> What the task asks:
What is needed is a word-for-word transcription of every record below.

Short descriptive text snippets
------------------------------------------------------------
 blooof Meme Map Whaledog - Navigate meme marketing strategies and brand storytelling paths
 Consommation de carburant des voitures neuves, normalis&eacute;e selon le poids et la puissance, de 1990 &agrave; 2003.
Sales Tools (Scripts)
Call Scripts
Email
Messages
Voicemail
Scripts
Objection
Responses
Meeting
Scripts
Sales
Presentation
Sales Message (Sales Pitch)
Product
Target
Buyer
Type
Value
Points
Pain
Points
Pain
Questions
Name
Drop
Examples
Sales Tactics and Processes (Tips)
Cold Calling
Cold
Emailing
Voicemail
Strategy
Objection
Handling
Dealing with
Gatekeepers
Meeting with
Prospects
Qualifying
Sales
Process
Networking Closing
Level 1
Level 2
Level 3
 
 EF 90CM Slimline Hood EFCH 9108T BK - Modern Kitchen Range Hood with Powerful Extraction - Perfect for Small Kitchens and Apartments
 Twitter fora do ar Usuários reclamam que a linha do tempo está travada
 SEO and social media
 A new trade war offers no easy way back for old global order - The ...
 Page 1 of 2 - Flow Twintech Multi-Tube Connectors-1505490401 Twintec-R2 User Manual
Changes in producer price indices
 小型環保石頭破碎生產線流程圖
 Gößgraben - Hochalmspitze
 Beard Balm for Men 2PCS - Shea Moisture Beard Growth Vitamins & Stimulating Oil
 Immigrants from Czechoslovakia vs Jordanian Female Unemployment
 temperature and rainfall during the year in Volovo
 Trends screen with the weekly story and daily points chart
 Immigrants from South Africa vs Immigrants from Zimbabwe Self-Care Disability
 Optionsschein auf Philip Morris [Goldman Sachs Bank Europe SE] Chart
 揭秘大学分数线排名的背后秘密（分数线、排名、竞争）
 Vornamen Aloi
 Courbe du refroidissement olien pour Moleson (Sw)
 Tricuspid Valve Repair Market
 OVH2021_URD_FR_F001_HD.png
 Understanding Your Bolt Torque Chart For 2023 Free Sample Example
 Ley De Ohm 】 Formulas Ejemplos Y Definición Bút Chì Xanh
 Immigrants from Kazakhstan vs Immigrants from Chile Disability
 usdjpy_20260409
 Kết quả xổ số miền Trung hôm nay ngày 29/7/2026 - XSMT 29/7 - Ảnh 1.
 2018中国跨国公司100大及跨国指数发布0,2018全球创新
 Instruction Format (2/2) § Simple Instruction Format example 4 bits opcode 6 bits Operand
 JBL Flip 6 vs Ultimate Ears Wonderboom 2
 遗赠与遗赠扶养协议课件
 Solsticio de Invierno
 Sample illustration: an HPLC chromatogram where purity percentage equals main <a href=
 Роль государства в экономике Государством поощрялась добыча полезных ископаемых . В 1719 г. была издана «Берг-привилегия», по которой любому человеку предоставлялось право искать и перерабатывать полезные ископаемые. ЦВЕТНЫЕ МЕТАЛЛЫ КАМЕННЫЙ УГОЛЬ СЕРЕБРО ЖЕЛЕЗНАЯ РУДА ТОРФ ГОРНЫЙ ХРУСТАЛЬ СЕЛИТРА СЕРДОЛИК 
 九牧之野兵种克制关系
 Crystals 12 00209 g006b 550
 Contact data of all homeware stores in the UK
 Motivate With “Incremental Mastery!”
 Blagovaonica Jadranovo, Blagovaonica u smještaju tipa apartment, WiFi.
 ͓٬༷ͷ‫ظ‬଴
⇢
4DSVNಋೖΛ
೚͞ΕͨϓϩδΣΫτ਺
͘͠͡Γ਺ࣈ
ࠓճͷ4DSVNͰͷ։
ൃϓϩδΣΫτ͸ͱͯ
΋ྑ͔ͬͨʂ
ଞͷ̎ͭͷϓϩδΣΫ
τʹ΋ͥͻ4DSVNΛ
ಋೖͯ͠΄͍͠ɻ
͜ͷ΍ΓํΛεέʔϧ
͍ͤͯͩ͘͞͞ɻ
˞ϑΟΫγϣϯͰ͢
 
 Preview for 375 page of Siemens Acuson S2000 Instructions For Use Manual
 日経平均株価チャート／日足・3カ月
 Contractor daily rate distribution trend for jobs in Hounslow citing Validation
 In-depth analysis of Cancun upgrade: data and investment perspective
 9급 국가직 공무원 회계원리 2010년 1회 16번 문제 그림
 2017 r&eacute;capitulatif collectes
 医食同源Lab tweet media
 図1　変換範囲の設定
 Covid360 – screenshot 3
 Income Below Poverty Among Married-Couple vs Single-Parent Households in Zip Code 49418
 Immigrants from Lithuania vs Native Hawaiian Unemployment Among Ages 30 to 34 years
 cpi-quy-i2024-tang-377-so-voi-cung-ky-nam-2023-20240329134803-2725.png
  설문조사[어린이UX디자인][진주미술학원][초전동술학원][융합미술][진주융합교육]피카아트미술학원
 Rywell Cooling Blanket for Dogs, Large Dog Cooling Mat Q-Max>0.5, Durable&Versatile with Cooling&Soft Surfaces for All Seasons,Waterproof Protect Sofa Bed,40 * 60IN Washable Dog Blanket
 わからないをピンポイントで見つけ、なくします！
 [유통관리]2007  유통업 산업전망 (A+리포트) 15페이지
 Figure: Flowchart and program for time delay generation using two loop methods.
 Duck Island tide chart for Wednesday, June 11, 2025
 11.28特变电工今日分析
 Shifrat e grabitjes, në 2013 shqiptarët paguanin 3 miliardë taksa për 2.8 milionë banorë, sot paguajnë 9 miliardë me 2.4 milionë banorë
------------------------------------------------------------
> Solution below:
 blooof Meme Map Whaledog - Navigate meme marketing strategies and brand storytelling paths
 Consommation de carburant des voitures neuves, normalis&eacute;e selon le poids et la puissance, de 1990 &agrave; 2003.
Sales Tools (Scripts)
Call Scripts
Email
Messages
Voicemail
Scripts
Objection
Responses
Meeting
Scripts
Sales
Presentation
Sales Message (Sales Pitch)
Product
Target
Buyer
Type
Value
Points
Pain
Points
Pain
Questions
Name
Drop
Examples
Sales Tactics and Processes (Tips)
Cold Calling
Cold
Emailing
Voicemail
Strategy
Objection
Handling
Dealing with
Gatekeepers
Meeting with
Prospects
Qualifying
Sales
Process
Networking Closing
Level 1
Level 2
Level 3
 
 EF 90CM Slimline Hood EFCH 9108T BK - Modern Kitchen Range Hood with Powerful Extraction - Perfect for Small Kitchens and Apartments
 Twitter fora do ar Usuários reclamam que a linha do tempo está travada
 SEO and social media
 A new trade war offers no easy way back for old global order - The ...
 Page 1 of 2 - Flow Twintech Multi-Tube Connectors-1505490401 Twintec-R2 User Manual
Changes in producer price indices
 小型環保石頭破碎生產線流程圖
 Gößgraben - Hochalmspitze
 Beard Balm for Men 2PCS - Shea Moisture Beard Growth Vitamins & Stimulating Oil
 Immigrants from Czechoslovakia vs Jordanian Female Unemployment
 temperature and rainfall during the year in Volovo
 Trends screen with the weekly story and daily points chart
 Immigrants from South Africa vs Immigrants from Zimbabwe Self-Care Disability
 Optionsschein auf Philip Morris [Goldman Sachs Bank Europe SE] Chart
 揭秘大学分数线排名的背后秘密（分数线、排名、竞争）
 Vornamen Aloi
 Courbe du refroidissement olien pour Moleson (Sw)
 Tricuspid Valve Repair Market
 OVH2021_URD_FR_F001_HD.png
 Understanding Your Bolt Torque Chart For 2023 Free Sample Example
 Ley De Ohm 】 Formulas Ejemplos Y Definición Bút Chì Xanh
 Immigrants from Kazakhstan vs Immigrants from Chile Disability
 usdjpy_20260409
 Kết quả xổ số miền Trung hôm nay ngày 29/7/2026 - XSMT 29/7 - Ảnh 1.
 2018中国跨国公司100大及跨国指数发布0,2018全球创新
 Instruction Format (2/2) § Simple Instruction Format example 4 bits opcode 6 bits Operand
 JBL Flip 6 vs Ultimate Ears Wonderboom 2
 遗赠与遗赠扶养协议课件
 Solsticio de Invierno
 Sample illustration: an HPLC chromatogram where purity percentage equals main <a href=
 Роль государства в экономике Государством поощрялась добыча полезных ископаемых . В 1719 г. была издана «Берг-привилегия», по которой любому человеку предоставлялось право искать и перерабатывать полезные ископаемые. ЦВЕТНЫЕ МЕТАЛЛЫ КАМЕННЫЙ УГОЛЬ СЕРЕБРО ЖЕЛЕЗНАЯ РУДА ТОРФ ГОРНЫЙ ХРУСТАЛЬ СЕЛИТРА СЕРДОЛИК 
 九牧之野兵种克制关系
 Crystals 12 00209 g006b 550
 Contact data of all homeware stores in the UK
 Motivate With “Incremental Mastery!”
 Blagovaonica Jadranovo, Blagovaonica u smještaju tipa apartment, WiFi.
 ͓٬༷ͷ‫ظ‬଴
⇢
4DSVNಋೖΛ
೚͞ΕͨϓϩδΣΫτ਺
͘͠͡Γ਺ࣈ
ࠓճͷ4DSVNͰͷ։
ൃϓϩδΣΫτ͸ͱͯ
΋ྑ͔ͬͨʂ
ଞͷ̎ͭͷϓϩδΣΫ
τʹ΋ͥͻ4DSVNΛ
ಋೖͯ͠΄͍͠ɻ
͜ͷ΍ΓํΛεέʔϧ
͍ͤͯͩ͘͞͞ɻ
˞ϑΟΫγϣϯͰ͢
 
 Preview for 375 page of Siemens Acuson S2000 Instructions For Use Manual
 日経平均株価チャート／日足・3カ月
 Contractor daily rate distribution trend for jobs in Hounslow citing Validation
 In-depth analysis of Cancun upgrade: data and investment perspective
 9급 국가직 공무원 회계원리 2010년 1회 16번 문제 그림
 2017 r&eacute;capitulatif collectes
 医食同源Lab tweet media
 図1　変換範囲の設定
 Covid360 – screenshot 3
 Income Below Poverty Among Married-Couple vs Single-Parent Households in Zip Code 49418
 Immigrants from Lithuania vs Native Hawaiian Unemployment Among Ages 30 to 34 years
 cpi-quy-i2024-tang-377-so-voi-cung-ky-nam-2023-20240329134803-2725.png
  설문조사[어린이UX디자인][진주미술학원][초전동술학원][융합미술][진주융합교육]피카아트미술학원
 Rywell Cooling Blanket for Dogs, Large Dog Cooling Mat Q-Max>0.5, Durable&Versatile with Cooling&Soft Surfaces for All Seasons,Waterproof Protect Sofa Bed,40 * 60IN Washable Dog Blanket
 わからないをピンポイントで見つけ、なくします！
 [유통관리]2007  유통업 산업전망 (A+리포트) 15페이지
 Figure: Flowchart and program for time delay generation using two loop methods.
 Duck Island tide chart for Wednesday, June 11, 2025
 11.28特变电工今日分析
 Shifrat e grabitjes, në 2013 shqiptarët paguanin 3 miliardë taksa për 2.8 milionë banorë, sot paguajnë 9 miliardë me 2.4 milionë banorë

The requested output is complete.